Vasiliy Lomachenko doesn’t need to do this, continuing this pursuit to recapture another belt as a lightweight champion.

He’s already won two Olympic gold medals, already become a world champion in his third pro fight, already stopped four consecutive foes on their stools – including rival double gold-medalist Guillermo Rigondeaux – and already won world titles in three divisions.

Now 36, Ukraine’s Lomachenko (17-3, 11 KOs) travels a world away Saturday on ESPN seeking the vacant IBF lightweight belt against Australia’s former unified lightweight champion George Kambosos (21-2, 10 KOs).

“A few things matter for longevity: not getting hit and your lifestyle outside the ring, not partying,” ProBox TV’s “Deep Waters” analyst Chris Algieri said on Thursday’s episode. “And dedication and desire. Lomachenko has that.

“Lomachenko’s not fighting for money. He’s fighting to be a champion again. Yeah, he’s got great defense. Yeah, he stays in shape. But he also has that fire in his belly. That’s a guy who’s going to last.”

Considering Lomachenko has only been defeated narrowly in his career – by an overweight Orlando Salido when Lomachenko fought for a world title in his second pro bout and by Teofimo Lopez and Devin Haney on the scorecards in this most unfavorable of the three weight classes he’s fought in, this Saturday bout is packed with intrigue.

Yes, Kambosos has the home-arena advantage at RAC Arena in Perth and he’s younger, but Lomachenko carries that intangible of so badly wanting that strap.

How badly? Go back and look at the video of his post-fight tears following the loss to Devin Haney. Who else in the game has responded like that?

And while Lomachenko can certainly follow the direction suggested by his Top Rank promotional company with subsequent bouts against the likes of their current and expected lightweight champions, respectively, in Shakur Stevenson and Emanuel Navarrete, there’s also intriguing contests that exist against the other 135-pound champion, Gervonta “Tank” Davis, 130-pound champion Oscar Valdez or a move all the way to where he started at featherweight against Ring Magazine’s newly anointed pound-for-pound king, undisputed super-bantamweight champion Naoya Inoue.

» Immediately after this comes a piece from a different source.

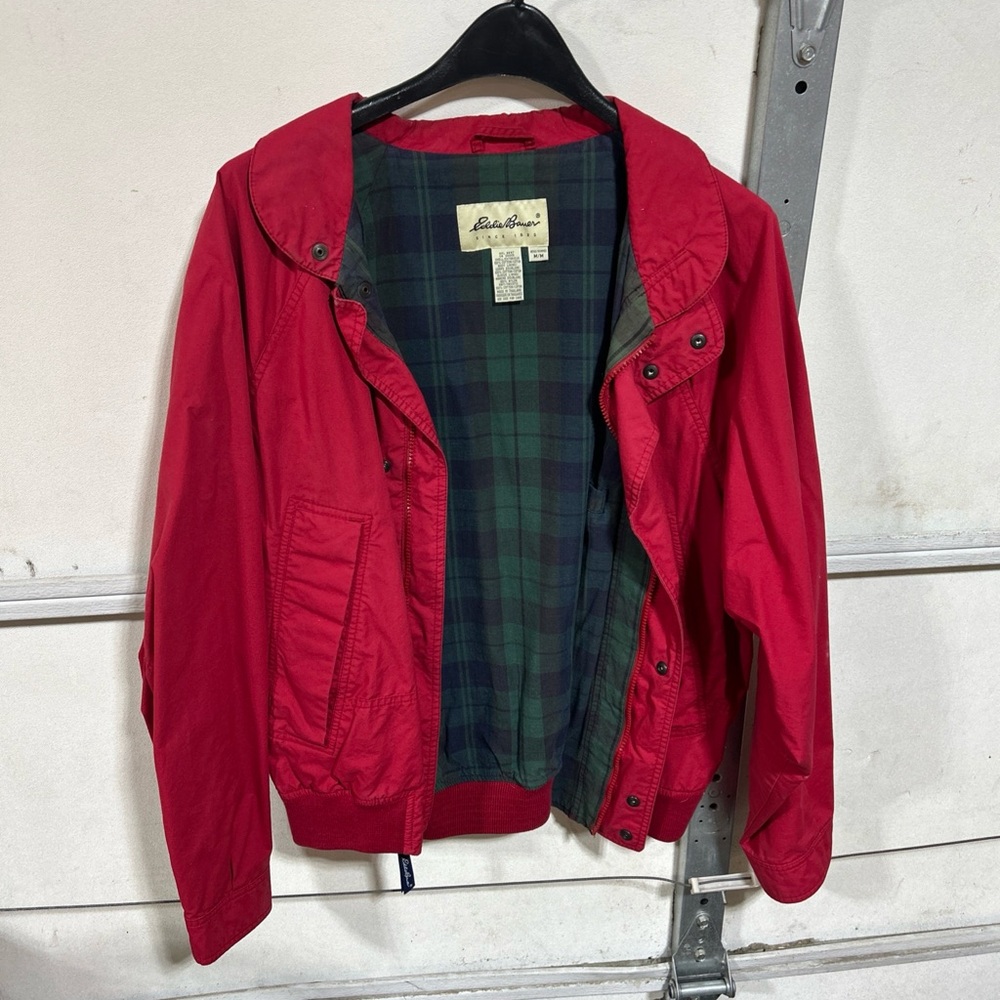 Eddie Bauer Jacket Mens Sz M Red Blanket Lined Wool Vtg Parka Water Rep.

“That’s a big step down for (Lomachenko) … people are throwing around Inoue because he’s a very hot topic, but he’s a 122-pounder, and he just got there,” Algieri said. “I don’t see him jumping to 130. He looked small against (Luis) Nery and he got dropped. You’re going to give up (so many) pounds against a bona-fide puncher?

“I don’t (even) think Lomachenko’s looking past this fight at all. This is the be-all, end-all fight for him and a loss could be the end.”

That’s likely the fiercest truth of all given what Lomachenko has brought to this sport, seen in the exquisite skill he developed under the guidance of his trainer-father, Anatoli, which led to the creation of his marvelous and deserved nickname, “The Matrix.”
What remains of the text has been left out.